BRASÍLIA - Em sua primeira visita de Estado ao Brasil, na quarta-feira, o presidente da Argentina, Néstor Kirchner, enfrentará um novo teste diplomático. Em Brasília, terá de passar pelo desafio de controlar seu humor intempestivo e evitar que pendências comerciais contaminem o novo clima de estreitamento das relações entre os dois países, inaugurado no encontro de Puerto Iguazú, em novembro. A expectativa da diplomacia de ambos os países é que Kirchner e o presidente Lula possam lançar um ciclo virtuoso, concentrado na melhoria da competitividade e na construção da política industrial comum do Mercosul.

O potencial das questões comerciais de azedar essas intenções é elevadíssimo. Primeiro, por conta do déficit argentino de US$ 3,677 bilhões no comércio com o Brasil em 2005, ante US$ 1,147 bilhão em 2004. Segundo, pelos desacertos nas negociações do novo acordo automotivo e a Cláusula de Adaptação Competitiva (eufemismo para salvaguardas comerciais). Por fim, pelas deficiências do Mercosul, que deixou o Uruguai à beira de negociar um acordo de livre comércio com os Estados Unidos.

A visita de Kirchner se dá depois de uma fase de turbulências nas relações com Lula. O presidente argentino torceu o nariz para várias iniciativas do Brasil no plano internacional: foi malcriado ao abandonar, logo no início, a Cúpula da América do Sul, em Brasília, e a dos Países Árabes, em maio, e a reunião dos líderes da Comunidade Sul-Americana de Nações, em setembro.
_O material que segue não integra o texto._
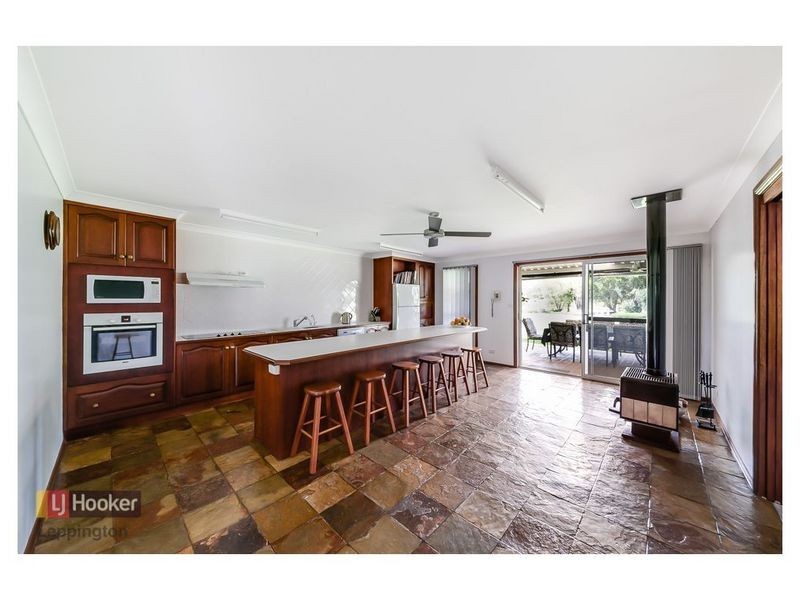 40 Masterfield Street, Rossmore NSW 2557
A Argentina ainda votou contra o Brasil na escolha do diretor-geral da Organização Mundial do Comércio (OMC) e do presidente do Banco Interamericano de Desenvolvimento (BID). Também se mantém em aberta campanha contra o interesse maior da diplomacia brasileira: o assento permanente no Conselho de Segurança das Nações Unidas.
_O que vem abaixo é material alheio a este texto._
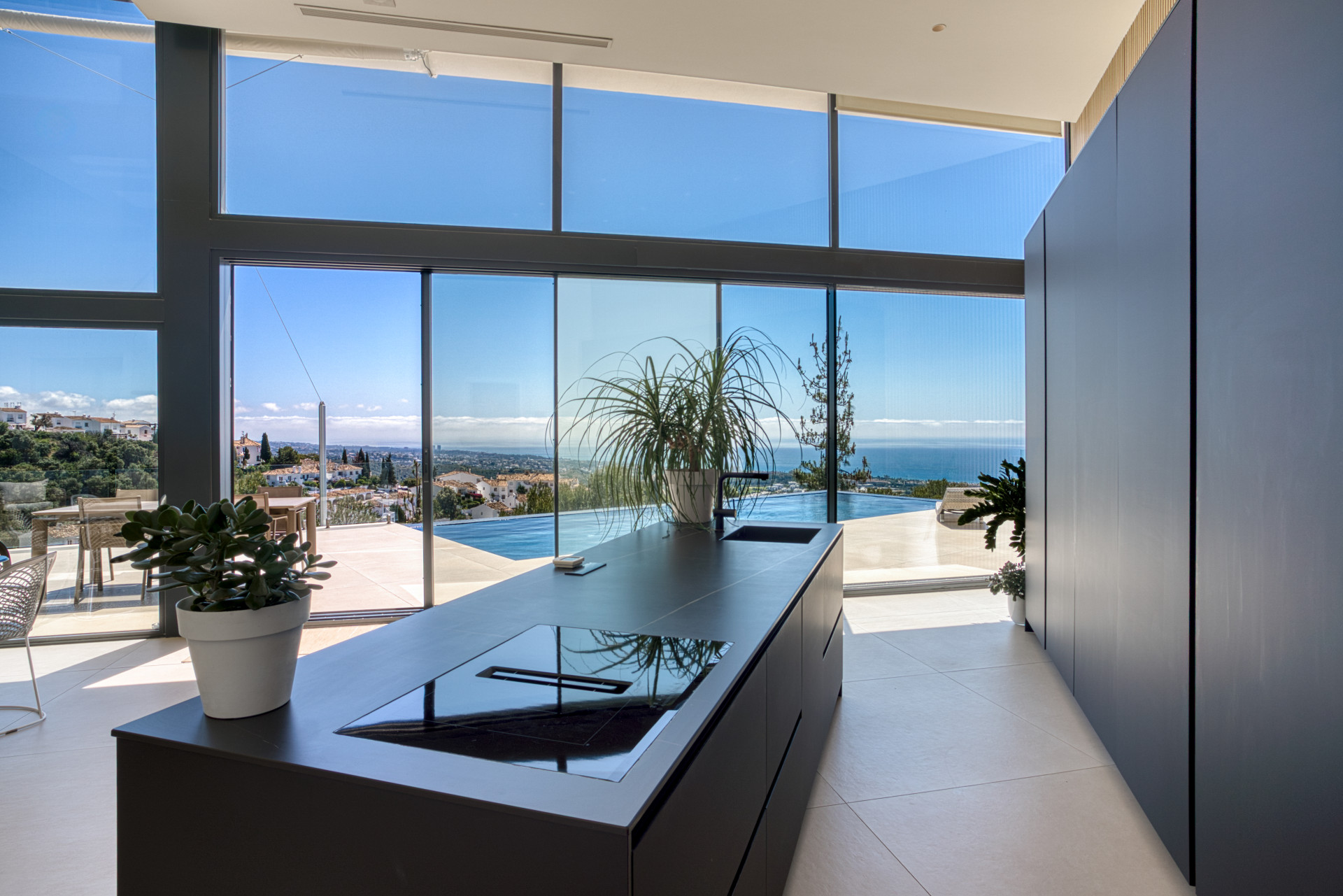 Outstanding, five bedroom Villa located in Altos de Los Monteros with panoramic sea views · Photo 12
No início de maio, o presidente argentino teria ironizado a ganância de Brasília por todo e qualquer posto de comando em foros e organismos internacionais. ¿Até queriam ter um papa brasileiro!¿, teria dito a assessores.
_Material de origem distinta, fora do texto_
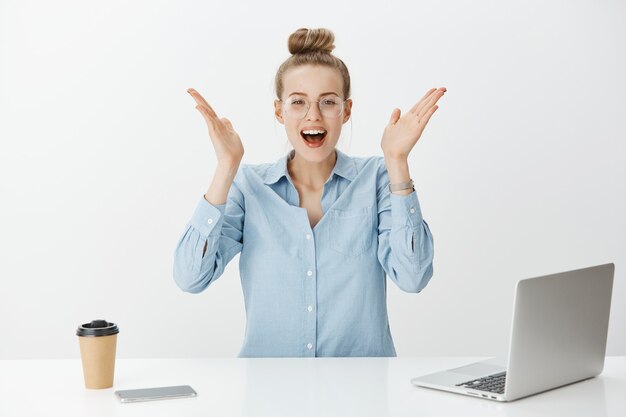 Imprenditore femminile di successo in camicia di colletto blu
O fato é que os dois países estão intimamente atrelados, seja pelos investimentos recíprocos, pelos interesses comerciais ou pela lógica produtiva. A decisão do Brasil de antecipar o pagamento da dívida com o Fundo Monetário Internacional (FMI) motivou Buenos Aires a fazer o mesmo. Ambos enfrentam, em posições contrárias, o mesmo dilema do crescimento econômico com o controle da inflação ¿ o Brasil com a economia crescendo pouco e a Argentina, com os preços prestes a disparar.

Mas, se o Brasil ainda atrai investimentos estrangeiros, a Argentina se vê descartada nos planos das grandes companhias globais. Daí a idéia defendida pelo Itamaraty de superar a atual concentração do Mercosul nas relações comerciais e saltar para um plano mais ambicioso, de criar uma política industrial comum, em especial nos dois países.

A proposta foi debatida na reunião de negociadores argentinos e brasileiros no Itamaraty, na última quarta-feira, quando o chanceler Jorge Taiana encontrou seu colega Celso Amorim. Isso envolveria a definição de políticas de atração de investimento, de programas de inovação tecnológica e de desenvolvimento de regiões mais carentes de setores produtivos que valeriam para o bloco.

A rigor, seria algo como a extensão dos princípios da Política Industrial e de Estímulo às Exportações, criada pelo governo brasileiro em 2004, para todo o Mercosul, conforme explicou uma fonte do Itamaraty.